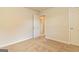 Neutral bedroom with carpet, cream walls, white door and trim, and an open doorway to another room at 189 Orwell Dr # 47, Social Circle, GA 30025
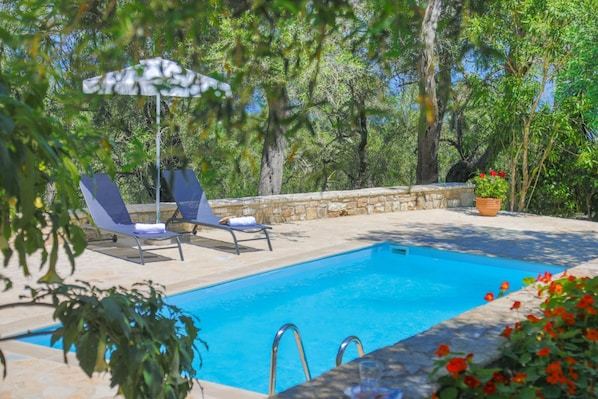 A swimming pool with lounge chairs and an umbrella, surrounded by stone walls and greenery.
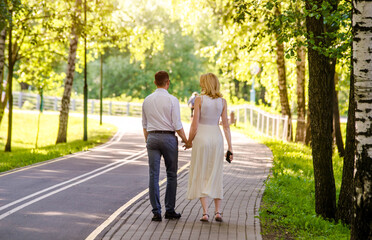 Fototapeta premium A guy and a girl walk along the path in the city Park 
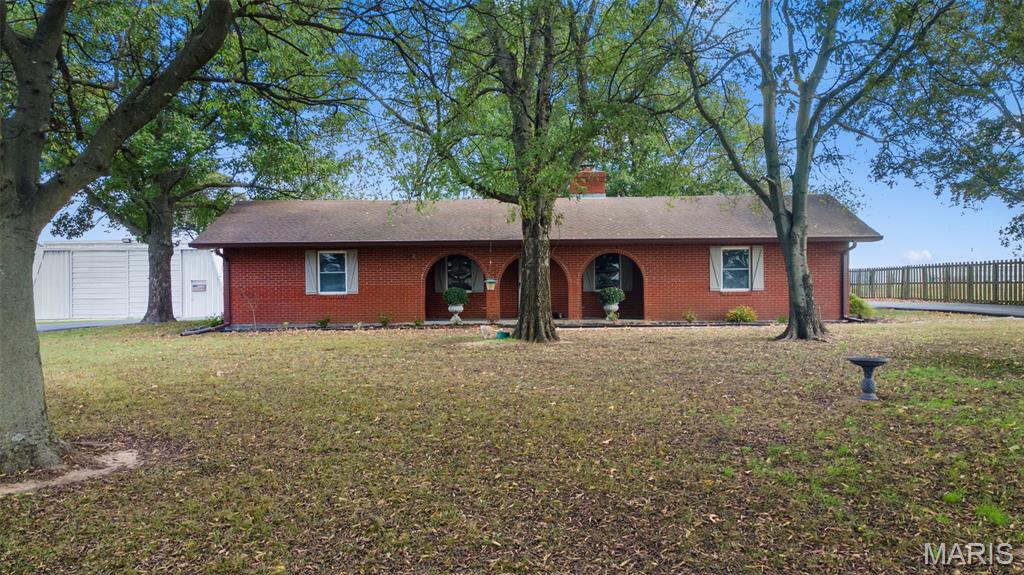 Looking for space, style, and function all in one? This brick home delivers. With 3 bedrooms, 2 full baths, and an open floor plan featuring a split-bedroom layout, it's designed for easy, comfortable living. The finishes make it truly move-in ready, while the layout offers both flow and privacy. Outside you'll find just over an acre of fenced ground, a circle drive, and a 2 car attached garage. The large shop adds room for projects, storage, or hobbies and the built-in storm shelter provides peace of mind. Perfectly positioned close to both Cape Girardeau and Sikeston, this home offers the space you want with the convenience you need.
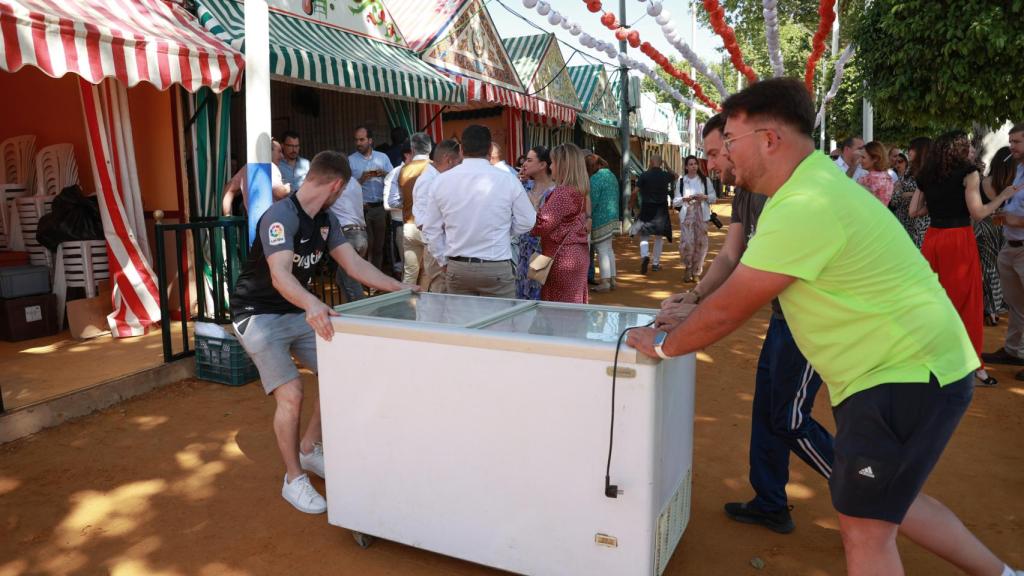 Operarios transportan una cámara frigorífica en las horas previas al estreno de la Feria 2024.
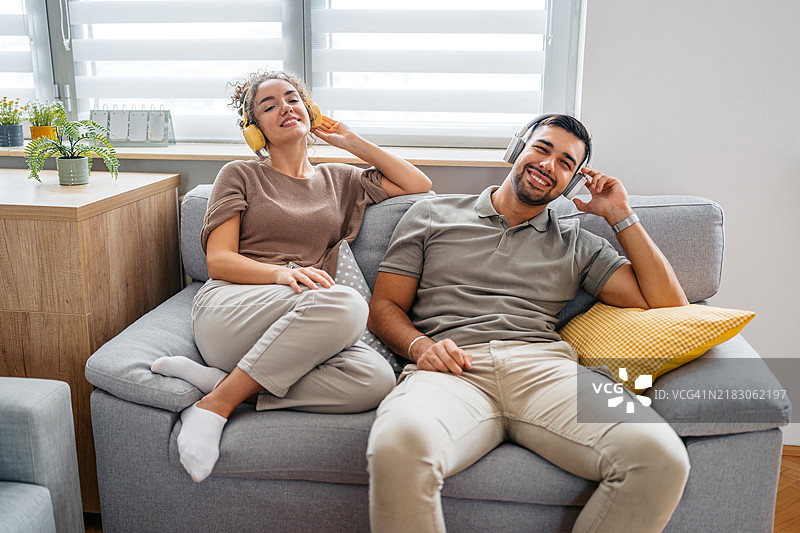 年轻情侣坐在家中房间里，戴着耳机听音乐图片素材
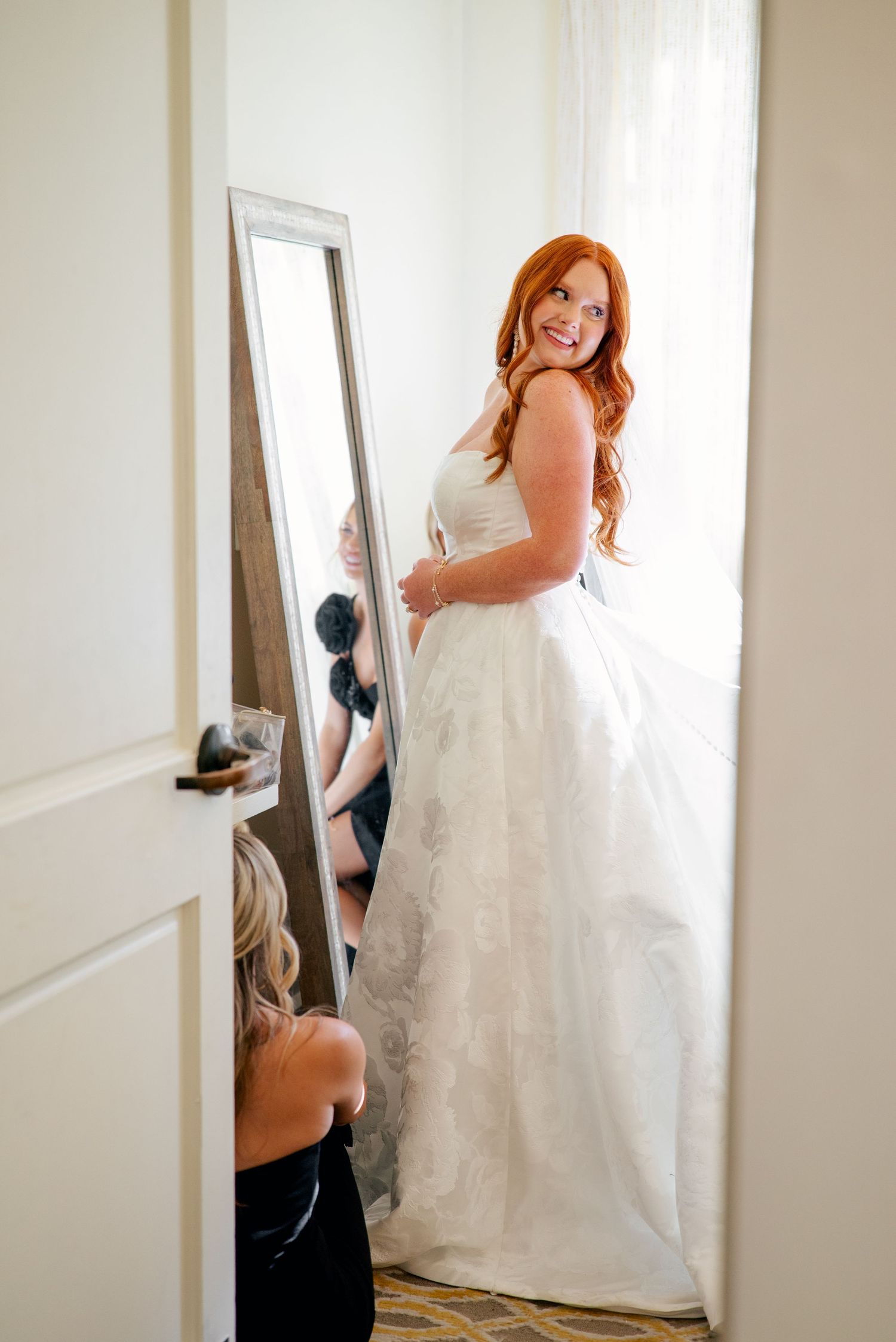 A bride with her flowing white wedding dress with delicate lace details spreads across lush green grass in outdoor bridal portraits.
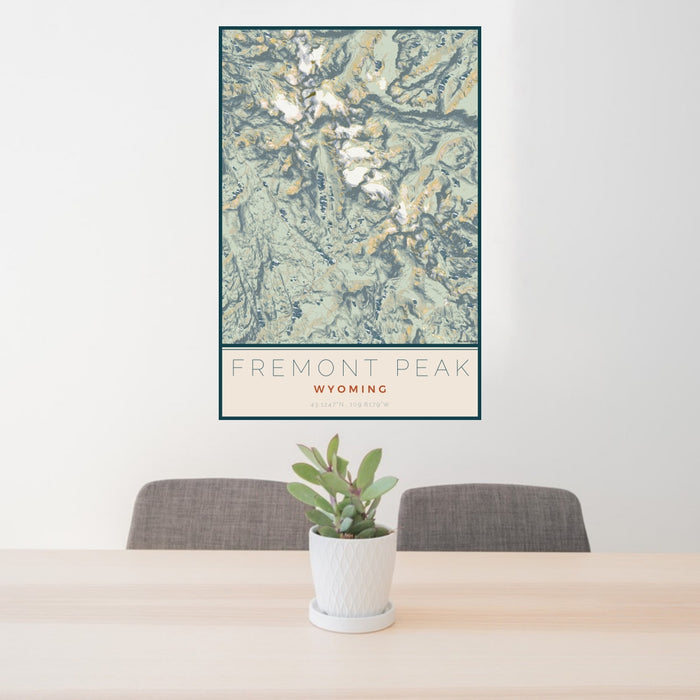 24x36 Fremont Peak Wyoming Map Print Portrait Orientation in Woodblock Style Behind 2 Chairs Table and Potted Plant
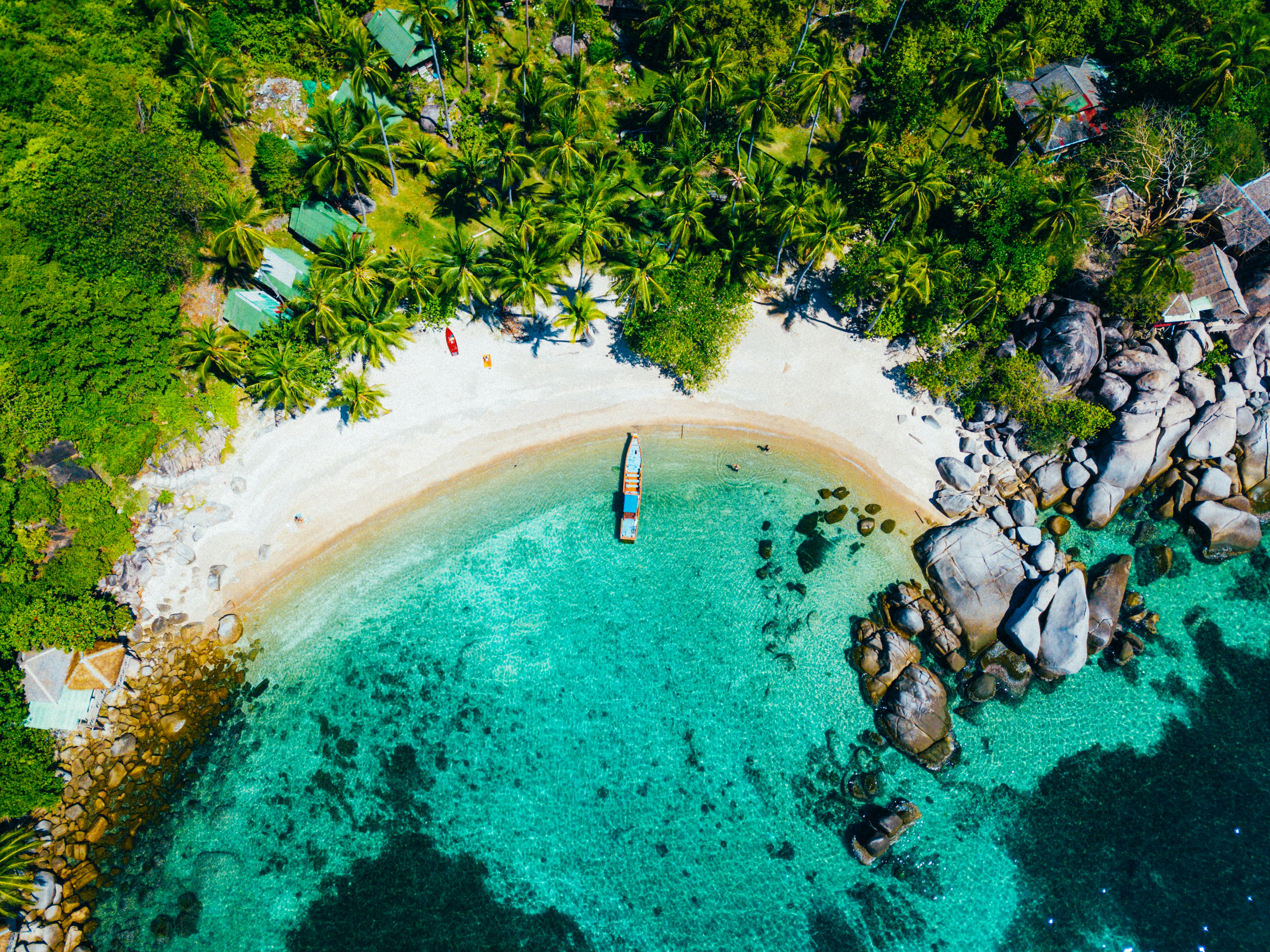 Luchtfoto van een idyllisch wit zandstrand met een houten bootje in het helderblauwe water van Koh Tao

——

- EXERCISE
In copying the listing, reproduce each line exactly and omit the pictures.

- RESULT OF THE EXERCISE
 Neutral bedroom with carpet, cream walls, white door and trim, and an open doorway to another room at 189 Orwell Dr # 47, Social Circle, GA 30025
 A swimming pool with lounge chairs and an umbrella, surrounded by stone walls and greenery.
 Fototapeta premium A guy and a girl walk along the path in the city Park 
 Looking for space, style, and function all in one? This brick home delivers. With 3 bedrooms, 2 full baths, and an open floor plan featuring a split-bedroom layout, it's designed for easy, comfortable living. The finishes make it truly move-in ready, while the layout offers both flow and privacy. Outside you'll find just over an acre of fenced ground, a circle drive, and a 2 car attached garage. The large shop adds room for projects, storage, or hobbies and the built-in storm shelter provides peace of mind. Perfectly positioned close to both Cape Girardeau and Sikeston, this home offers the space you want with the convenience you need.
 Operarios transportan una cámara frigorífica en las horas previas al estreno de la Feria 2024.
 年轻情侣坐在家中房间里，戴着耳机听音乐图片素材
 A bride with her flowing white wedding dress with delicate lace details spreads across lush green grass in outdoor bridal portraits.
 24x36 Fremont Peak Wyoming Map Print Portrait Orientation in Woodblock Style Behind 2 Chairs Table and Potted Plant
 Luchtfoto van een idyllisch wit zandstrand met een houten bootje in het helderblauwe water van Koh Tao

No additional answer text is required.